CRT-alternative FAIR offers discussion groups, advocacy toolkit
by Guy Page
The Essex-Westford School District Monday night declined to pursue allegations of ‘conflict of interest’ made by two citizens against Liz Cady, who was elected to the board in March after running on a platform of school choice and inquiry about the district’s ‘racial equity’ program.
The board will holds its regularly-scheduled meeting tonight (Tuesday, May 18) at 6:30 pm.
The complaint alleged Cady has a conflict of interest because she’s not in agreement with the racial equity program. The school board apparently decided that’s not reason enough, said one observer who “attended” the Zoom meeting:
“We had a big win last night at the Liz Cady inquiry (with over 115 in attendance) when the School Board declined to investigate. We can’t let our foot off the gas! Consider attending/joining the EWSD School Board meeting scheduled for tonight– Tuesday, May 18, 2021 @ 6.30pm. The meeting opens with Comments from the Public for non Agenda items – this is the time . . . The meeting requires you pre-register to participate.”
The complaint by Laura Taylor and Emily Franz read in part: “Ms.

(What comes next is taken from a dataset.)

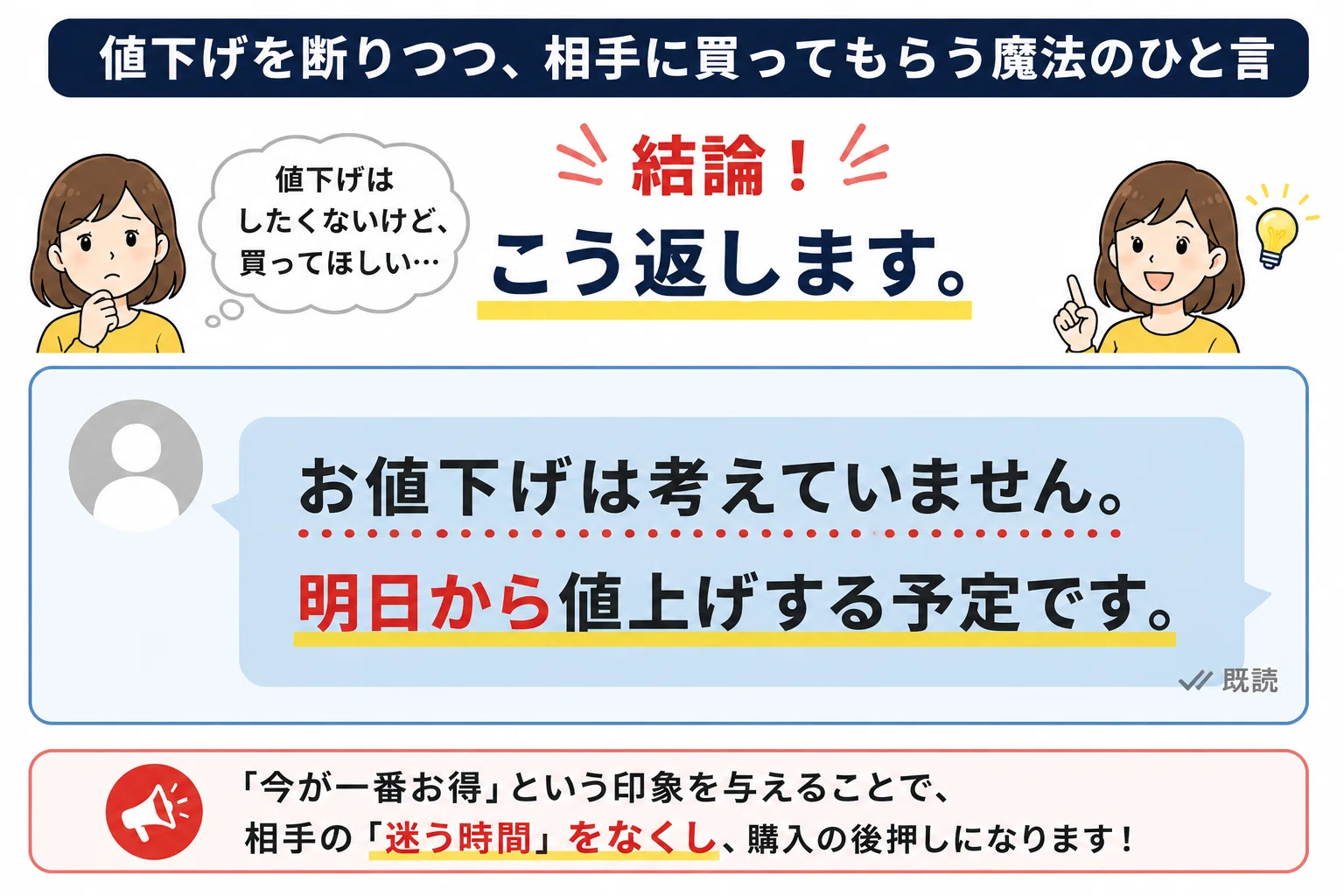 値下げ交渉を“購入確定”に変えるメルカリ交渉術｜メルカク | 副業の先生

Cady has made it clear that she does not believe in the district’s equity work, and that she is actively encouraging others to join her in this crusade, which she has made political through this post on a conservative website……This flagrant policy breach demonstrates what is apparent to many of us: EWSD School Board Member Liz Cady has a personal agenda that is not in the best interests of our schools, our students, or our community. We are both strong supporters of the EWSD and its work on equity and inclusion. We feel that each and every member of the School Board should be as well.”
One observer said it was the best attended meeting of the school board in recent memory. An emailed letter to the school board by a concerned parent said: “a majority of town residents are behind her and not in support of Critical Race Theory being incorporated into our schools (at all levels). We, and many others, appreciate her speaking up against this and inquiring about curriculum, on our behalf. Surely the board isn’t pursuing this complaint; to do so would imply the board is in agreement with the statement – that every board member must be of the same opinion, or they aren’t welcome?”
Some Vermont opponents of Critical Race Theory (an “important aspect” of Essex racial equity policy, school district officials say) believe they have found a more just alternative in the Foundation Against Intolerance and Racism (FAIR). “Increasingly, American institutions — colleges and universities, businesses, government, the media and even our children’s schools — are enforcing a cynical and intolerant orthodoxy. This orthodoxy requires us to identify ourselves and each other based on immutable characteristics like skin color, gender and sexual orientation. It pits us against one another, and diminishes what it means to be human,” the FAIR website says.
FAIR offers discussion forums, state chapters (none in Vermont yet) and an advocacy toolkit. It also encourages members take and share a pledge: “I seek to treat everyone equally without regard to skin color or other immutable characteristics. I believe in applying the same rules to everyone, and reject disparagement of individuals based on the circumstances of their birth.”
Members of the FAIR Board of Advisers include Islamic women’s rights activist Ayaan-Hirsi Ali, newscaster Megyn Kelly, gay rights activist Andrew Sullivan, philosopher Steven Pinker, and journalist Bari Weiss.